You will, by now, have heard of First World Problems – those worrisome irks that strike even the most highly privileged among us. Plights such as panini oil marking a Whistles coat; or cutting your lip on a sea salt and basil bagel crisp. Laughable problems, but problems nonetheless, I'm sure you'll agree.
However, none of them quite compare to the problems suffered by little people, forced, everyday, to live in a world designed for big people. When your whole life has been designed for the same person, only two feet taller, things get difficult fast.
Getting Into Bed
Yes, your ordinary double turns into a plush world of wonder when you're four foot nothing, but getting onboard? A trial. It's alright at home, when you can be equipped with a step-ladder or a boost from a willing partner, but what about in a lush hotel situation? Better call the desk for a mini-trampoline, fast.
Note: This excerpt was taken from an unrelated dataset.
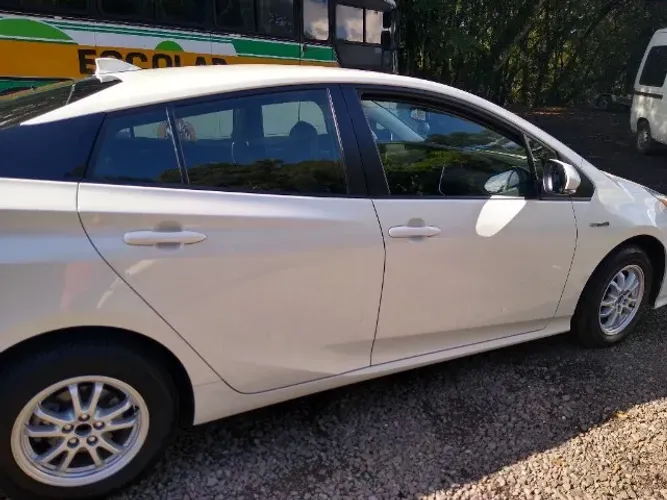 Toyota Prius Hybrid 1.8 16V 5P Aut. 2018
Going to An Amusement Park
You know those height charts they have for children, denying the smaller sorts the chance to ride on the more dangerous of the attractions? It's funny when it's making a child cry, but when it's making a middle-aged woman cock a hip and pout it's just plain mean.
Playing Mini Golf
Actually, given that they have a plentiful array of golf clubs for children, this one is surmountable. I just want to point out that at that point it's not really mini golf anymore. It's just golf.
Riding on a Boat
The ladies of Little Women are just as capable as the ordinary among us of sunning themselves fabulously on the deck of a yacht in a bikini – the trouble comes when there's swell and walking is required. The centre of gravity of a little person? Not where it needs to be when attempting to avoid a Christy-Overboard situation. Let's face it though, Christy is ALWAYS going overboard.
Buying Frozen Yoghurt
You know the kind of white deliciousness that dispenses from a tap? You have to be able to reach the tap.
When it's a dwarf-on-dwarf situation, the logistics are simple – but when it comes to a little woman having sex with a big man? There's simply not enough leg to wrap around, as Christy so nicely put it. So they're up in the air – straight up in the air. Can you picture it? Pretty sure she'll draw a diagram, if you ask.
Perhaps the most poignant Little World Problem happened when Terra was shopping for her unborn baby, and looking at car seats. Guys, she couldn't even lift the car seat. That baby better be born ready and aware and willing to carry its own stuff. And maybe drive the car.